How convincing do you find these reasons, and do you consider the gains would outweigh the losses if aggression ceased to be a central feature of human behaviour?

The author states that increased technological and scientific advancements, sports and competitions and the increasing influence of women, would lead to the reduction of the role played by aggression in the future. Though that may be the case, there are also instances when war and conflict is inevitable.

While scientific developments have satisfied the needs of many people today, equipping them with the means to acquire information and a convenient life-style, it cannot be wholly said that science has resolved the sources of conflict, as stated by the author.
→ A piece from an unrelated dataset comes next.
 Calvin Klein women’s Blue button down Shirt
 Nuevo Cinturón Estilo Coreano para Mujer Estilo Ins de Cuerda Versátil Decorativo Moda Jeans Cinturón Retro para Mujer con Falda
He says, ‘…aggression is not the only means through which world population can be controlled. … as well as the ability to increase agricultural productivity on which these people depend’ (lines 57-59). It is true that science has enabled us to increase the amount of limited resources that we have, so as to satisfy the needs of a growing population. For example, through the advent of green revolution, rice production around the globe was increased. In this way, science has solved most of the ‘limited resources’ problem and has prevented countries from waging wars for this sole reason. However, it being a double-edged sword, science has also provided the means to fight and invade other countries more dangerously, strongly and rapidly. Sonar detectors used in the navy, fighter jets that can travel in the speed of about 800km/h and AK-47s, are all weapons that technology has created to wage wars even more cunningly and dangerously, victimizing many innocent civilians. The emerging nuclear weapons threat in the Middle East countries and missile launches in Korea are evidence enough to create concern around the world. Therefore, it is conclusive that because of science, it is highly likely that aggression might play a significant role in the future.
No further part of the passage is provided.